• _DESCRIPTION OF THE TASK_:
In the entries that follow, find the line containing "Breast Augmentation Before" and the line containing "Sheep Columbia Blood", then copy exactly everything from the first through the second except the pictures.

• _RECORDS SHOWN_:
[Start of Attachment]

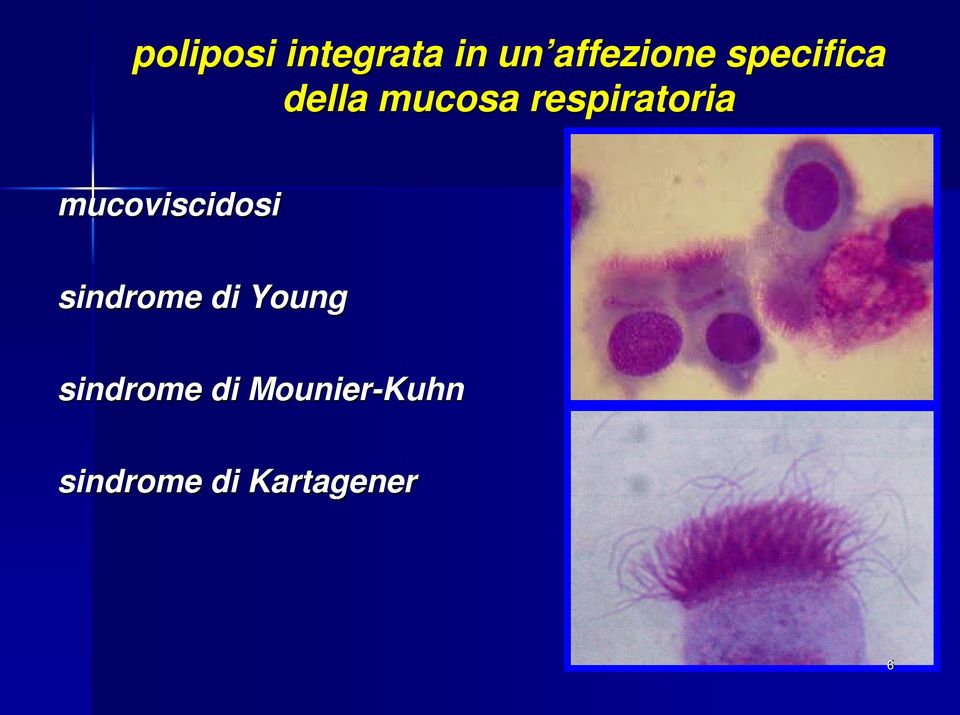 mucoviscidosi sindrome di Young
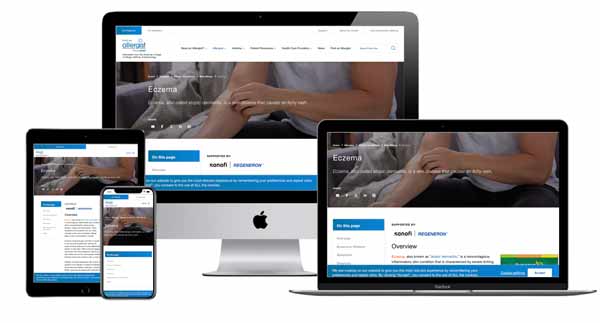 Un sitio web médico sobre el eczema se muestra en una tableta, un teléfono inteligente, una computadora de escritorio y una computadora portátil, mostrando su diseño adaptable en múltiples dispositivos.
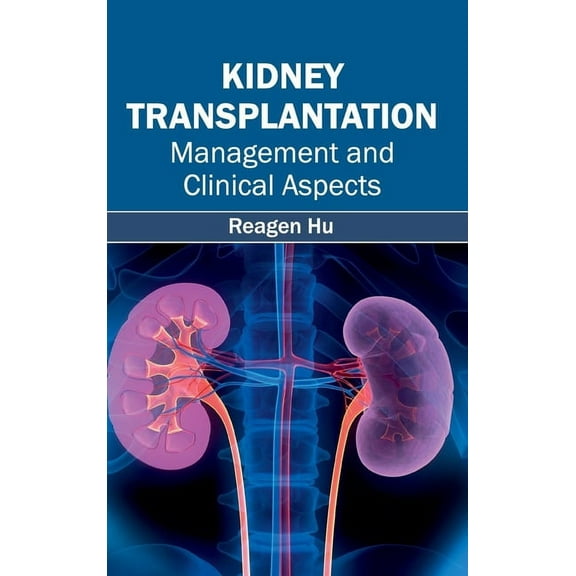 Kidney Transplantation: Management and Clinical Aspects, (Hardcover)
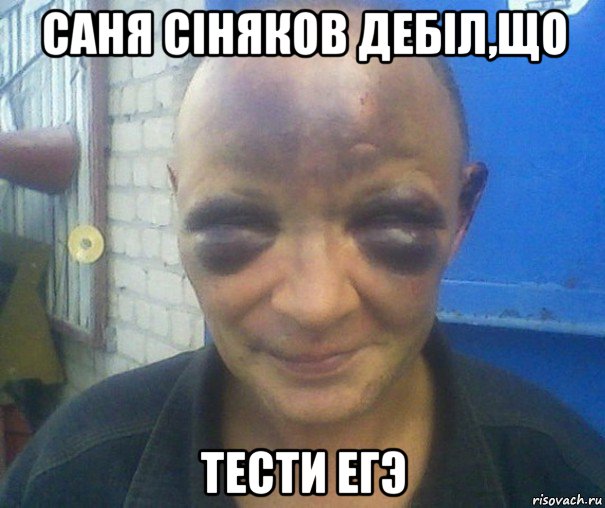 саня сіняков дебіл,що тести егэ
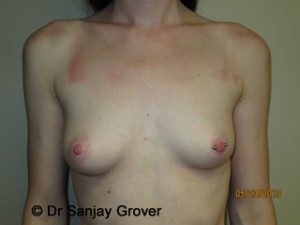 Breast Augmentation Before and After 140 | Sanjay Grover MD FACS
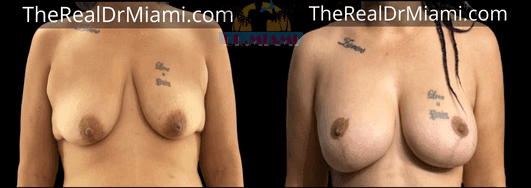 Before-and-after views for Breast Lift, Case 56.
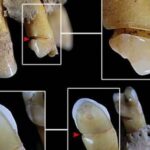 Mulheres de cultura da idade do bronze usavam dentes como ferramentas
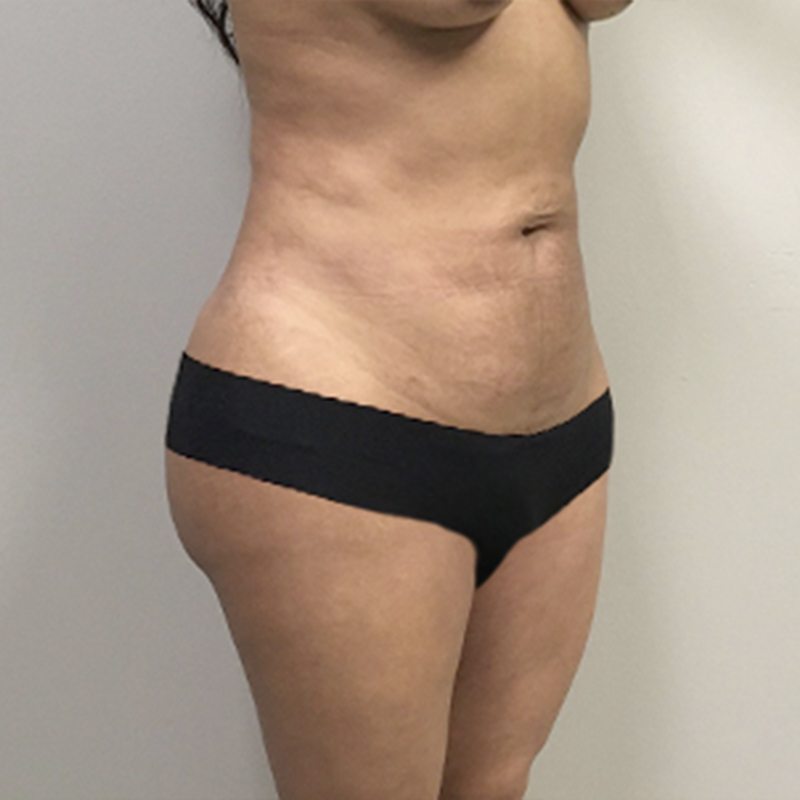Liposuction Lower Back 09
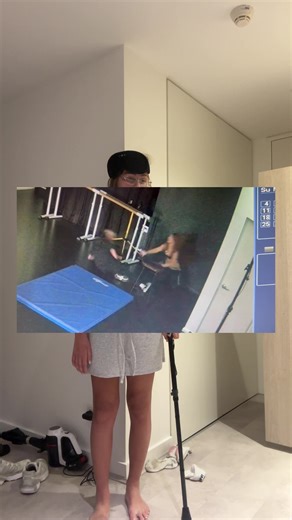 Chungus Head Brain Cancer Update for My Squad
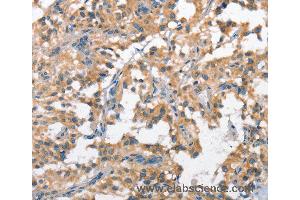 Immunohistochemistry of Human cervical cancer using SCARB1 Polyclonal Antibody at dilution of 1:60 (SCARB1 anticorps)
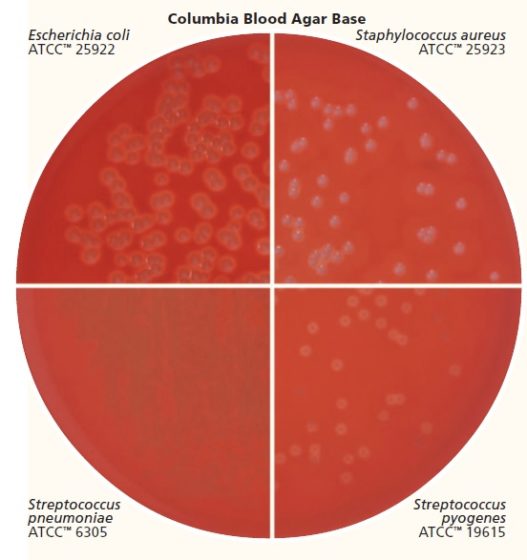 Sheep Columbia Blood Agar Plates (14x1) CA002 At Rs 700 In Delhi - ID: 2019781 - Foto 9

[End of Attachment]
[Start of Attachment]

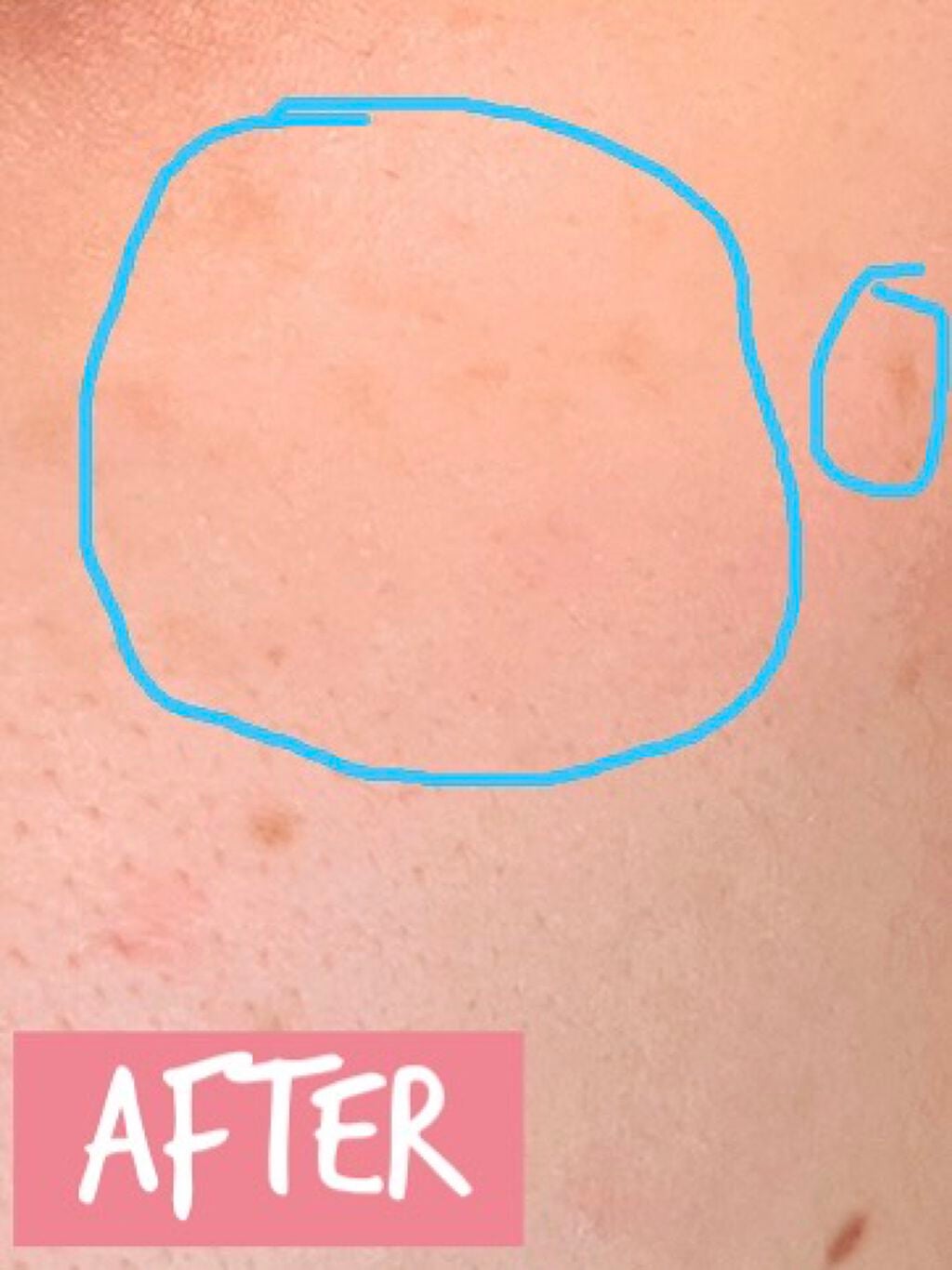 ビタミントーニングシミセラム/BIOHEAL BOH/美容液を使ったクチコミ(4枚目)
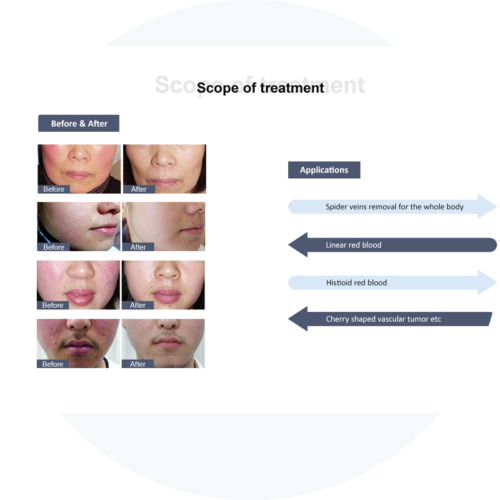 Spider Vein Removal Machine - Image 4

[End of Attachment]

• _COMPLETED EXERCISE_:
 Breast Augmentation Before and After 140 | Sanjay Grover MD FACS
 Before-and-after views for Breast Lift, Case 56.
 Mulheres de cultura da idade do bronze usavam dentes como ferramentas
Liposuction Lower Back 09
 Chungus Head Brain Cancer Update for My Squad
 Immunohistochemistry of Human cervical cancer using SCARB1 Polyclonal Antibody at dilution of 1:60 (SCARB1 anticorps)
 Sheep Columbia Blood Agar Plates (14x1) CA002 At Rs 700 In Delhi - ID: 2019781 - Foto 9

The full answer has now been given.